Penulis: Reenywrites
last update Tanggal publikasi: 2026-03-13 20:00:42

ALESSIA

The room was dark.

Not pitch black — there was light coming from somewhere down the hall, thin and gold, just enough that I could see shapes and edges and the outline of him standing there looking at me. My heart was going faster than it had any right to. My hands weren't steady. I had them at my sides and I could feel them not being steady and I couldn't do anything about it.

I had never done this before.

Not the wanting part — I had felt that before, that quiet pull toward someone, and I had always been able to walk away from it without much effort. But this was different. This was being in the room. Being looked at like that, like I was something that mattered, by someone who hadn't asked me a single question about my life and somehow that made it easier to stand there instead of harder.

I didn't know his name.

I didn't know what any of this was.

I just knew that when he reached out and turned me to face him, something in my chest just — said yes. Before I had made any decision. Before I had agreed to anything. Just yes.

He turned me to face him.

His hands found the zipper at my back and pulled it down slow, the fabric coming loose all at once, cool air hitting my skin, and I pulled a sharp breath in through my nose because I wasn't expecting that — the cool air, the exposure, all of it at the same time.

His mouth came to my collarbone first.

Then lower.

And when he pulled my breast into his mouth —

My hand went straight into his hair and held on. My back arched off the bed completely without me deciding to move. The sound that came out of me — God, it was embarrassing. Loud. In that quiet dark room, loud.

He did it again. Slower this time. His tongue doing something that made my toes curl hard against the sheets, and his hand was already moving down my stomach, already sliding between my thighs before I had even caught my breath from the first thing, and the combination of both hitting at the same time —

My hips came up off the mattress.

His fingers found the spot that made my whole body lock up and started moving in slow circles, and his mouth was still on my chest, switching from one side to the other, and I was being pulled tight from two directions at the same time and I could not decide where to hold on so I grabbed the sheets with one hand and kept the other in his hair because he was the only thing in the room that felt solid right now.
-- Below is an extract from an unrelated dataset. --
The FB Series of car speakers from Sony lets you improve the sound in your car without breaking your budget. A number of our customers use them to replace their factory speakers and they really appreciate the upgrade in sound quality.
"Look at me," he said against my skin.

I looked down at him.

His eyes came up to mine. Dark. Completely steady. Watching my face while his fingers kept moving, kept building, not slowing down for even one second.
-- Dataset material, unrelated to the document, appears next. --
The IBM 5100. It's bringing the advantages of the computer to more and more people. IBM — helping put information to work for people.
"Tell me if it's too much."

"It's not — don't stop —"

He didn't stop.

His mouth stayed on me and his fingers curled and my whole body lurched and my nails went into his shoulders without me planning that, and I was shaking toward something I could not slow down and could not hold back, and he just kept going — steady, certain, like he had nowhere else to be and nothing to prove and all the time in the world to completely undo me.

The pressure built past the point where I could stay still.

I grabbed his wrist and pulled.

He shifted over me, weight settling between my legs, and I felt him right there — right there — moving slow, not pushing in yet, just there.

"Wait."

He stopped.

Every single part of him went still immediately.

I looked up at him.

"It's my first time."

The room went quiet.

Something moved in his jaw — tightened, then released slow — and his voice came out lower than it had been before. Quieter. Different.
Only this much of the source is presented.